---- DATA UNDER STUDY

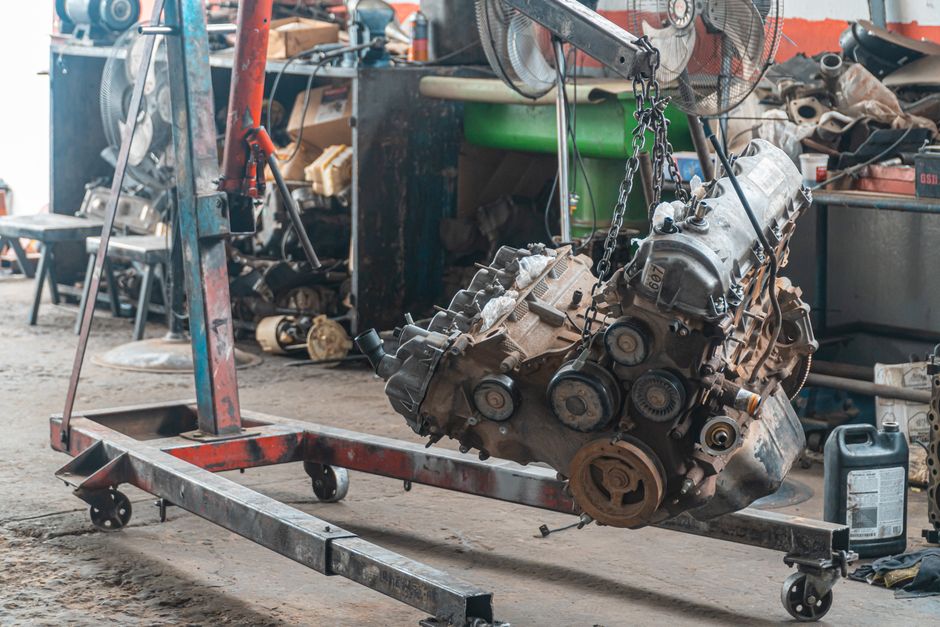 Close-up of a car engine hoisted in a mechanic's workshop, showcasing industrial tools.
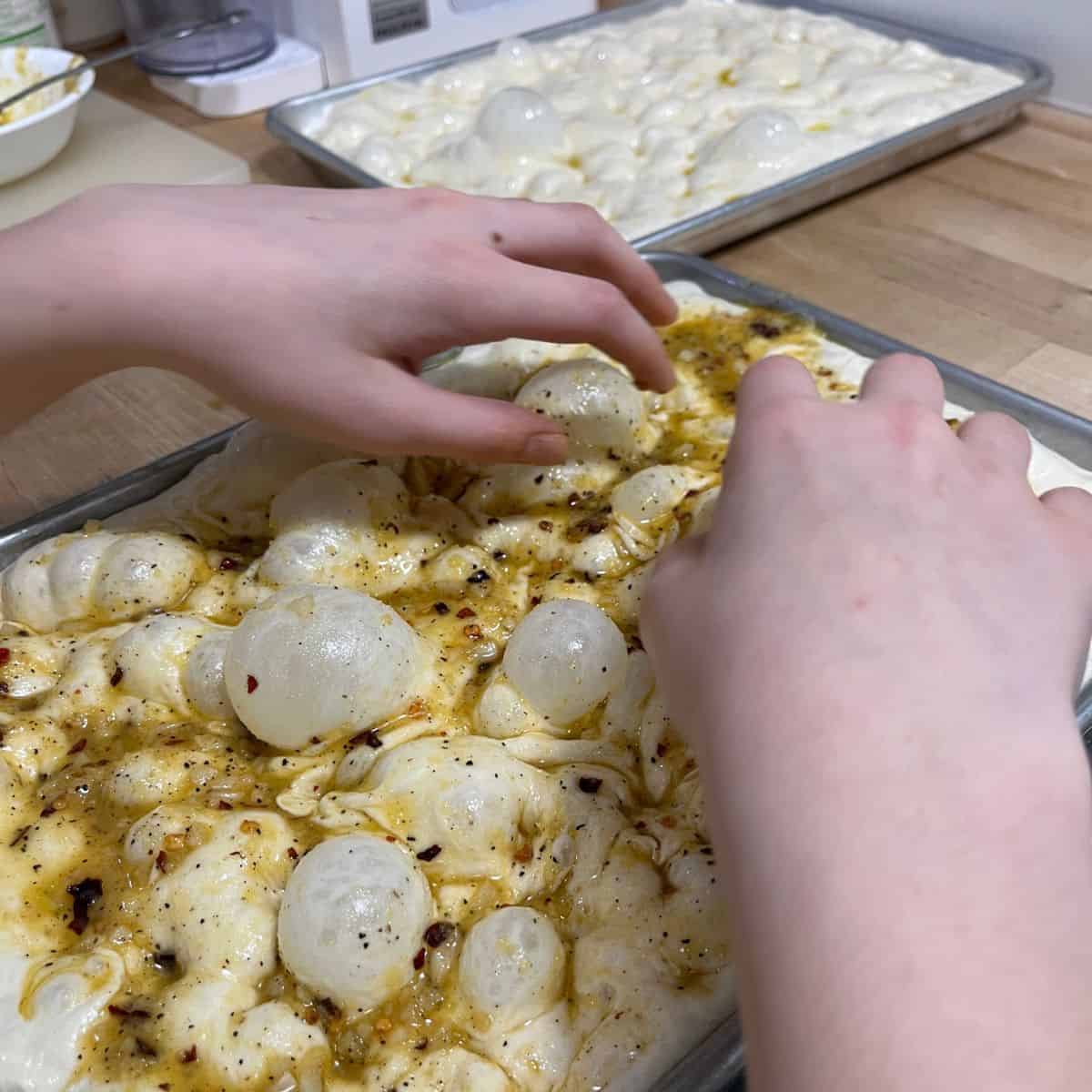 Two hands and a bubbly focaccia dough to show how to dimple.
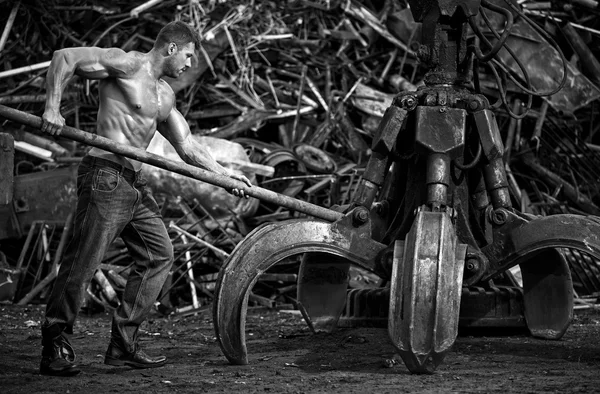Hombre musculoso trabajando en el depósito de chatarra — Foto de Stock
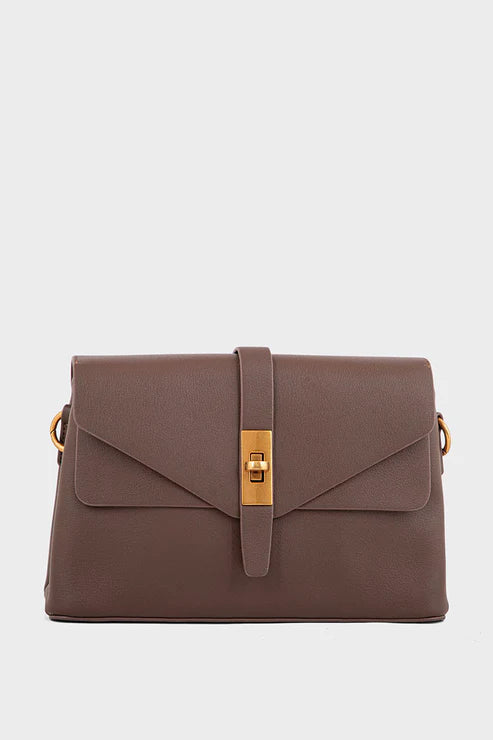 Brown handbag with gold accents on a light gray background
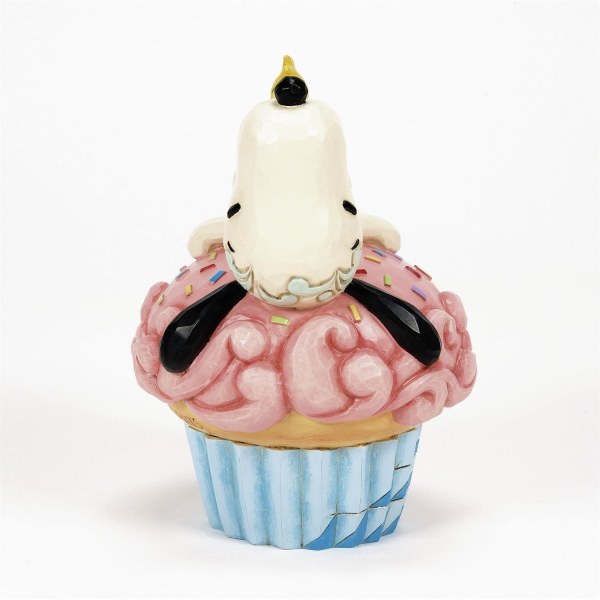 Snoopy ligt op cupcake - Peanuts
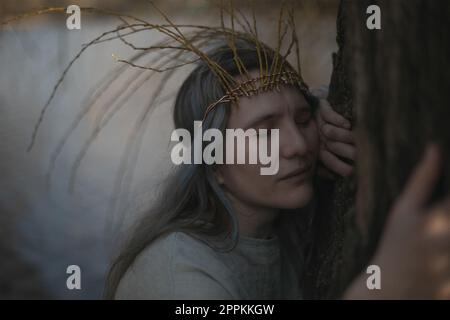 Primo piano antica donna in stile celtico che abbraccia l'albero e prega ritratto immagine Foto Stock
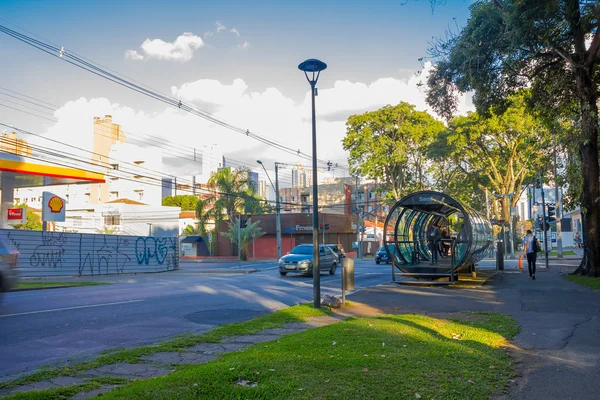 CURITIBA, BRASIL - 12 DE MAYO DE 2016: pasajeros esperando el autobús en la estación mientras algunos autos conducen por la calle —  Fotos de Stock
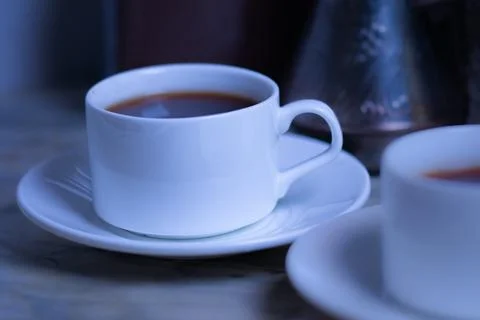 Black coffee in a white cup on the table Stock Photos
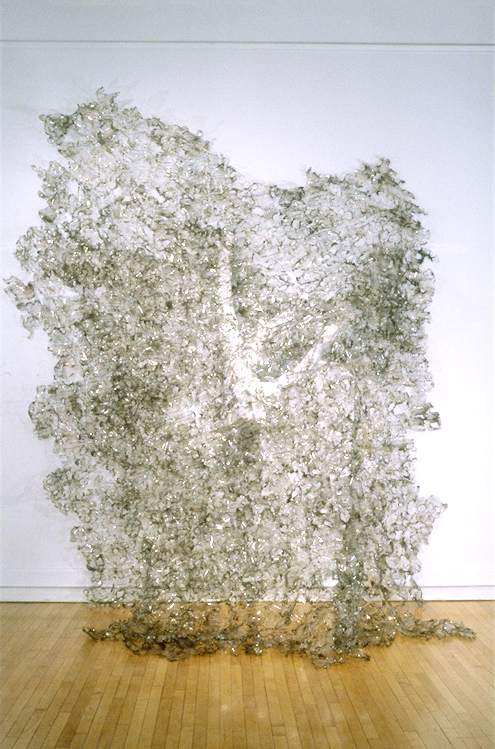 "Collisional Ejection from an Atmosphere" 116" x 104" x 54", Scientific transparencies and papers, wire, glue, burning; 1998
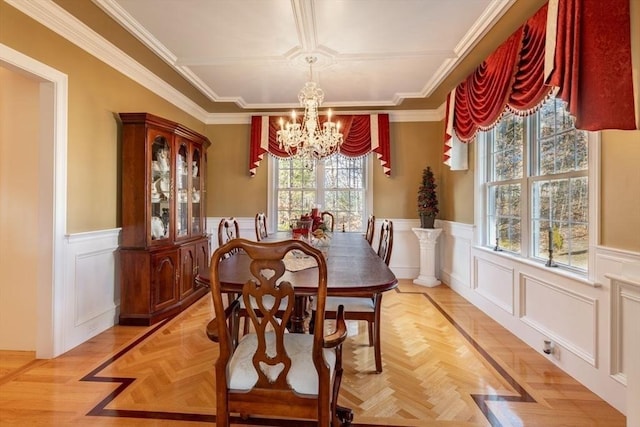 dining area featuring light parquet flooring, an inviting chandelier, and ornamental molding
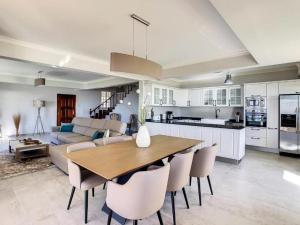 a kitchen and living room with a wooden table and chairs at Villa Baradaye by Atlantic Holiday in Estreito da Calheta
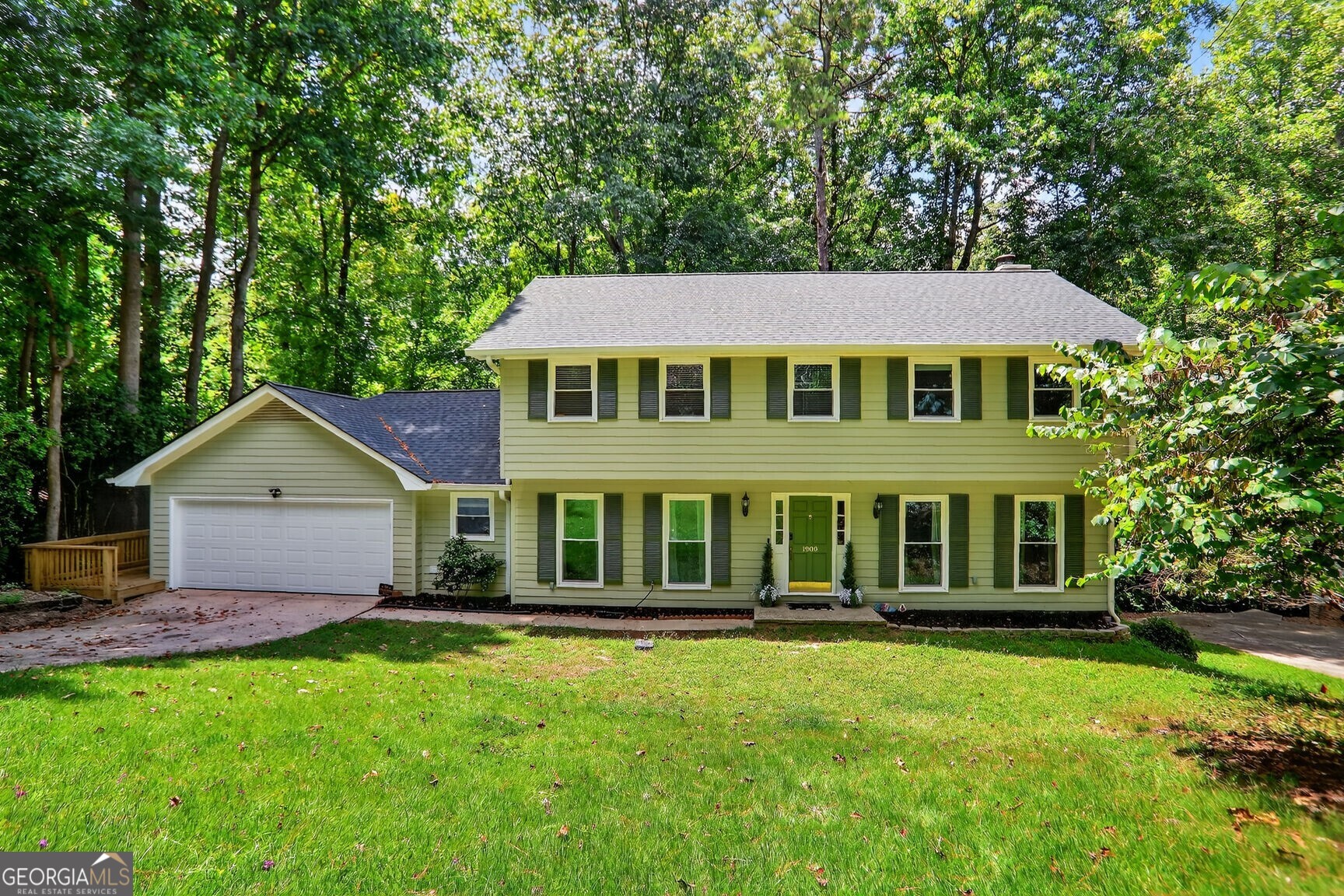 Welcome to your dream home in the highly sought-after Martin's Landing community! This 4-bedroom, 3.5-bath residence offers exceptional living space, modern upgrades, and timeless charm. Step inside to find a separate dining room, a fully renovated kitchen featuring a farmhouse sink, ceiling-mounted vent hood, kitchen island and a cozy breakfast area. The spacious layout includes a large sitting area or office, and a family room with built-in bookshelves, perfect for relaxing or entertaining. Enjoy the natural light in the expansive sunroom, boasting elevated ceilings and walls of windows. Step outside to a brand-new, multi-level deck that wraps around to the front of the home ideal for outdoor gatherings and serene mornings. The finished basement includes a full bathroom and walkout access to the lower deck, offering great potential for a guest suite, media room, or home gym. Additional highlights include brand New roof. Nestled along the scenic Chattahoochee River, Martin's Landing offers an unparalleled lifestyle in the heart of nature. As a resident, you'll enjoy access to three sparkling swimming pools, 13 tennis courts including two premium clay courts and six pickleball courts, perfect for active living. Explore miles of picturesque walking trails, or spend your afternoons kayaking and fishing on the private community lake
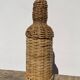 Antique woven wicker bottle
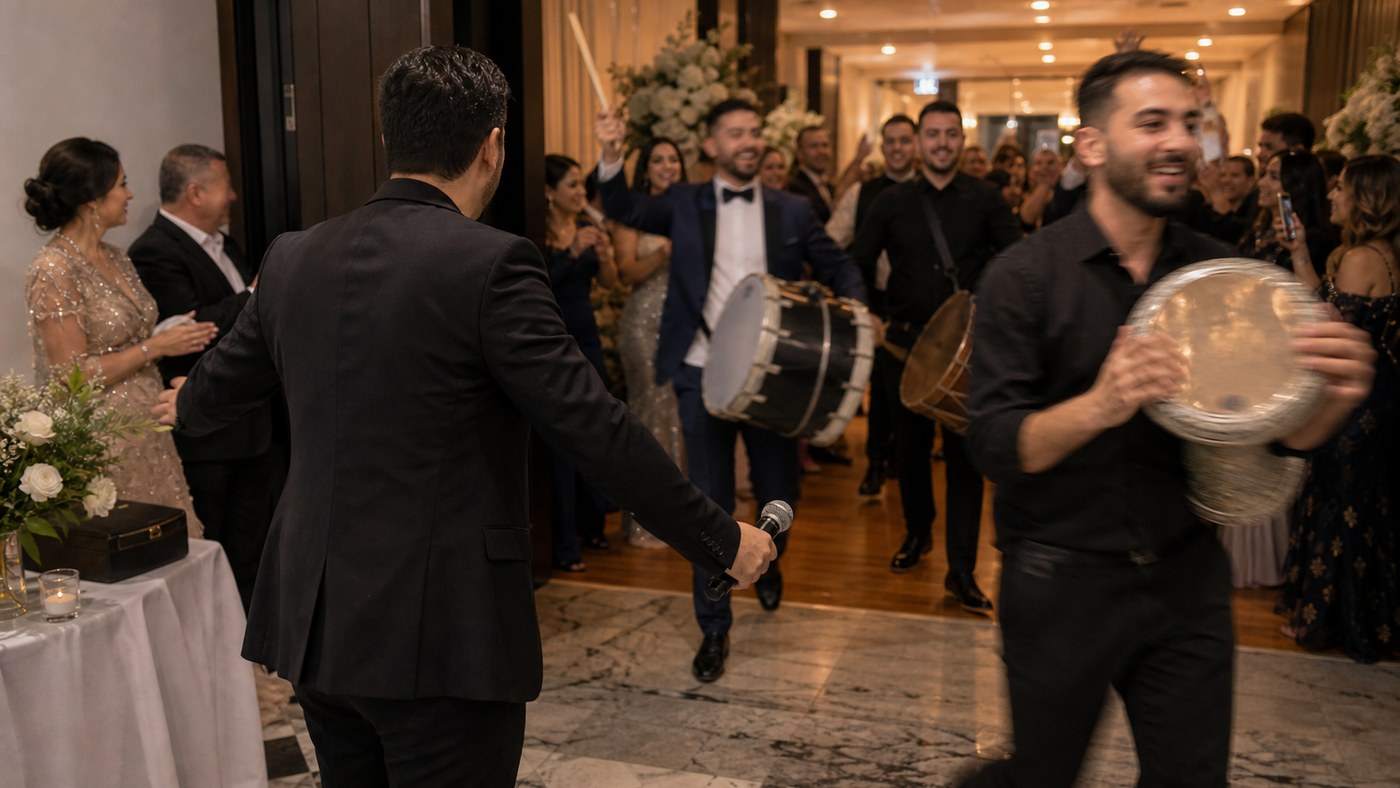 Candid Lebanese wedding zaffe entrance with guests clapping around the couple in warm reception light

--------

ACTION ITEM: Starting at the line with "Snoopy ligt op cupcake - Peanuts" and finishing at the line with "dining area featuring", copy the material above exactly, both lines included. Nothing else goes in, and no pictures.

SOLUTION FOR THIS EXERCISE:
 Snoopy ligt op cupcake - Peanuts
 Primo piano antica donna in stile celtico che abbraccia l'albero e prega ritratto immagine Foto Stock
 CURITIBA, BRASIL - 12 DE MAYO DE 2016: pasajeros esperando el autobús en la estación mientras algunos autos conducen por la calle —  Fotos de Stock
 Black coffee in a white cup on the table Stock Photos
 "Collisional Ejection from an Atmosphere" 116" x 104" x 54", Scientific transparencies and papers, wire, glue, burning; 1998
 dining area featuring light parquet flooring, an inviting chandelier, and ornamental molding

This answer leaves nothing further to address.